Though the singers I saw a decade ago were nearly all from Germany and all among the world's top leider performers, including Matthias Goerne, the guy who stole the show was a fellow named Christopher Cock (left), a last minute substitution, a young and very Lutheran fellow with side about him that was akin to Joel Gray in Cabaret, an impish master-of-ceremonies evangelist who is orchestrating the show, not just reporting it, and never mind the perfect assertive voice which held up for three hours from start to finish. Cock is now at Valparaiso, a choral master as well as a tenor, and is a Bach specialist...one saw it all begin to unfold that night a decade ago.

That night resonates still. Not in the immediate way that baroque perfection drops from the very surface of Caravaggio or from maddening Bernini marble, but perfect in the shocking way that a religion suddenly announces to the world that it is not a heresy after all: by encoding all the tension into a secret subtext, celebrating our sense of deity by keeping our private human mischief percolating just beneath the surface for nearly exhausting but ultimately captivating Tantric hours.

Bach fathered many children--I don't remember how many, just that there were very many, and the second set of them numbered thirteen, with a woman seventeen years his junior. He was 42 at the time he wrote St. Matthew Passion--his second wife, Anna Magdalena Wilcke, was 26. Certainly this is evidence enough that his Geluste evidently ran elsewhere, far beyond Christ alone. Yet we also tend to think of him today as a Luftmensch, not only godly in his art but also near to God. Even the most secular among us are willing to see his immense life work a piece of Opus Dei, responsible, impenetrable, saintly.

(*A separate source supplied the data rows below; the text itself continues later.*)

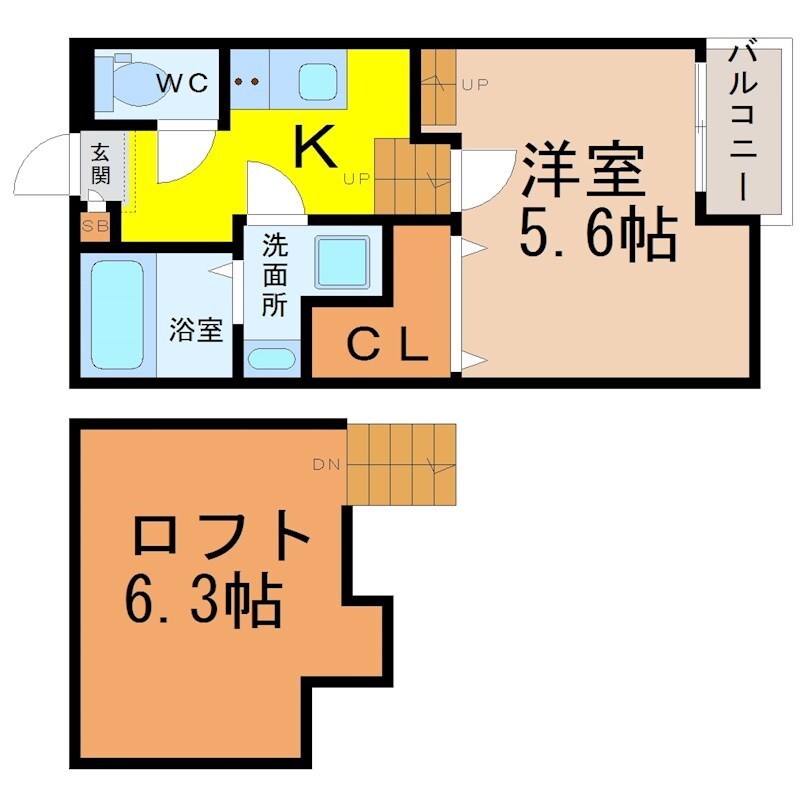 太閤通駅 徒歩8分 2階の物件間取画像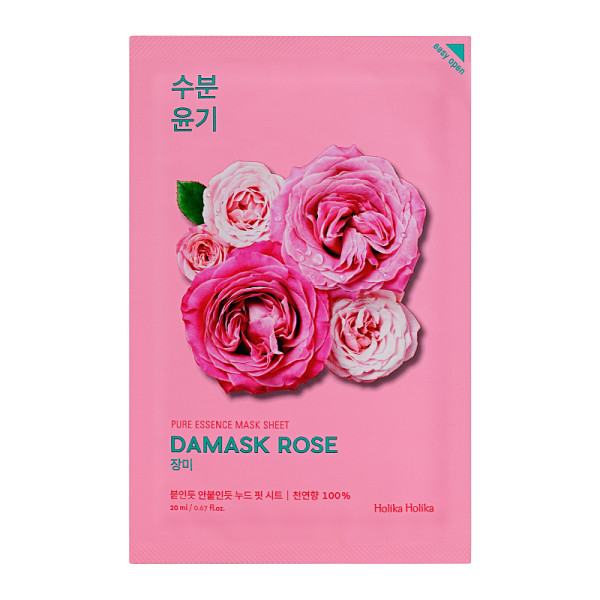 Holika Holika Pure Essence Mask Sheet - Damask Rose lakštinė veido kaukė su rožių aliejumi, 20 ml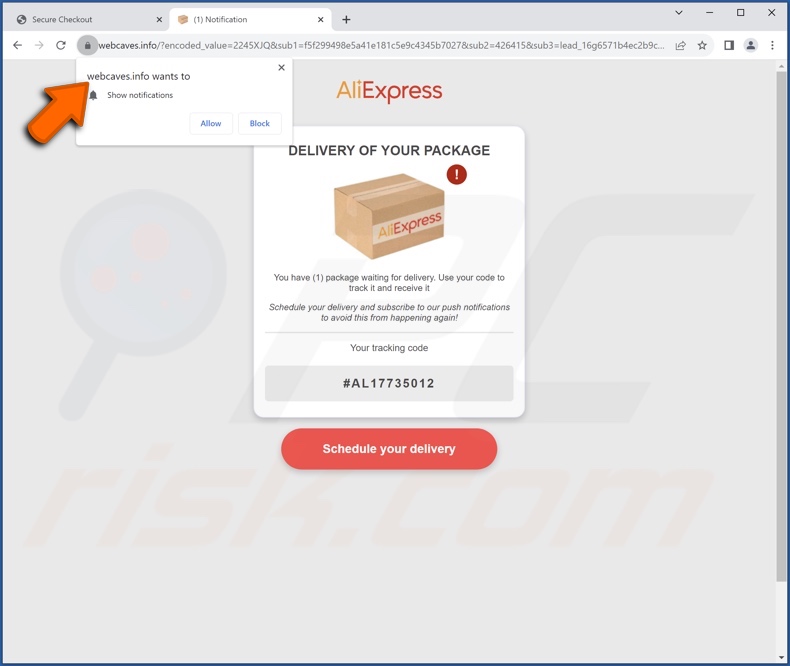 Von der AliExpress Package Betrugs-E-Mail geförderte Phishingseite 1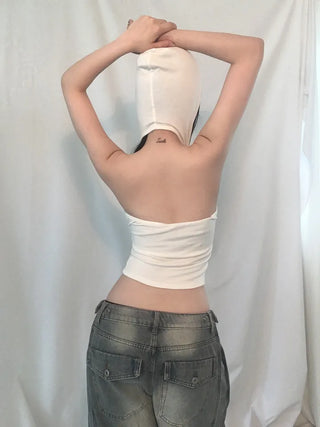 Hoodie Deep V Slim Halter Sleeveless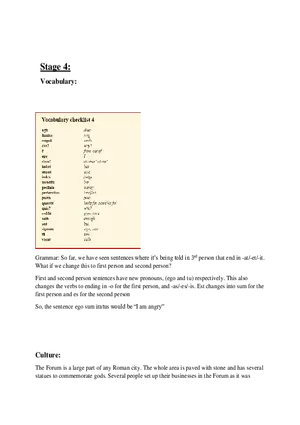 Latin Study Guide Stage 4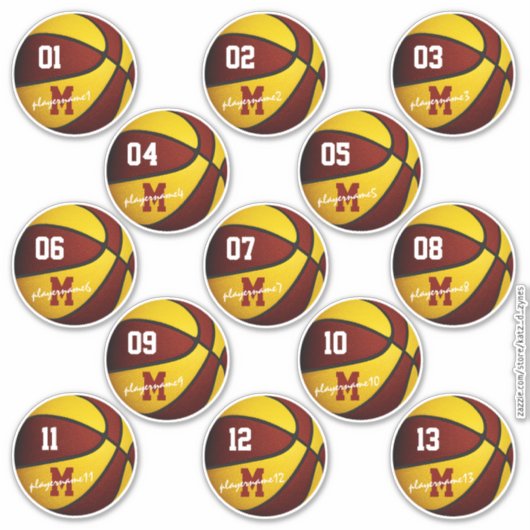 maroon gold basketbal op maat 13 spelersnamen sticker (Voorkant)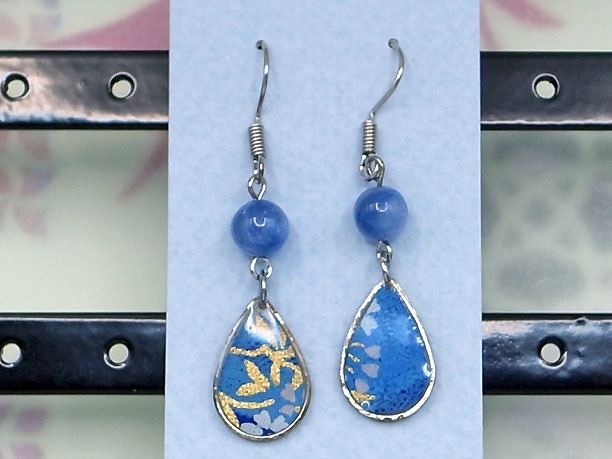 レジン・フックピアス雫「銀湾」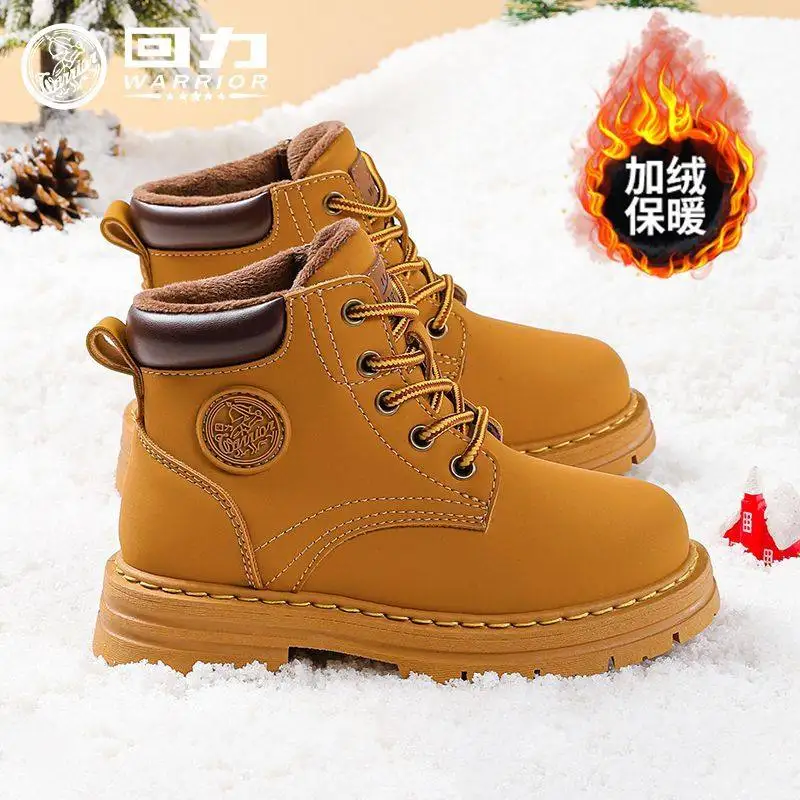 

Warrior2025 New Kids Winter Boots Warm Cotton Fur Lined Leather Shoes Boys Girls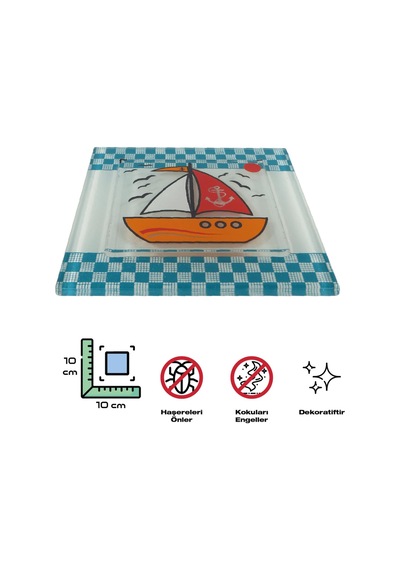 Cam Banyo Gider Kapak Süsü 2 Adet Cam Gider Kapağı 10X10 CM Yelk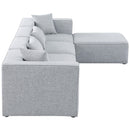  Manufacturer Color_Grey -- Cube 144" Grey Fabric Upholstered 5 pc Modular Sectional IMAGE 9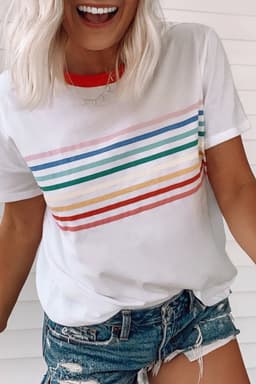 image-White Rainbow Stripe Crewneck T-Shirt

But sublime is the word that comes to mind also with Bach, and when I saw this work performed for the first time, what struck me was how overtly salacious this best-known Passion was. It made me think that Bach was closer to worldly experiences than the those who have deified him suggest. And far against the present day dour stereotype, I think he expected the most prim and proper Lutheran to be right there with him, lusting their way through life, tacitly acknowledging at least internally that it turns out none of us are very prim and proper at all.

The recording of St. Matthew Passion that has serviced me best throughout the years is the Harmonia Mundi recording featured above, which includes Howard Crook (tenor), Ulrik Cold (basse), Barbara Schlick (soprano), Rene Jacobs (alto), Hans-Peter Blochwitz (tenor), and Peter Kooy (basse solo).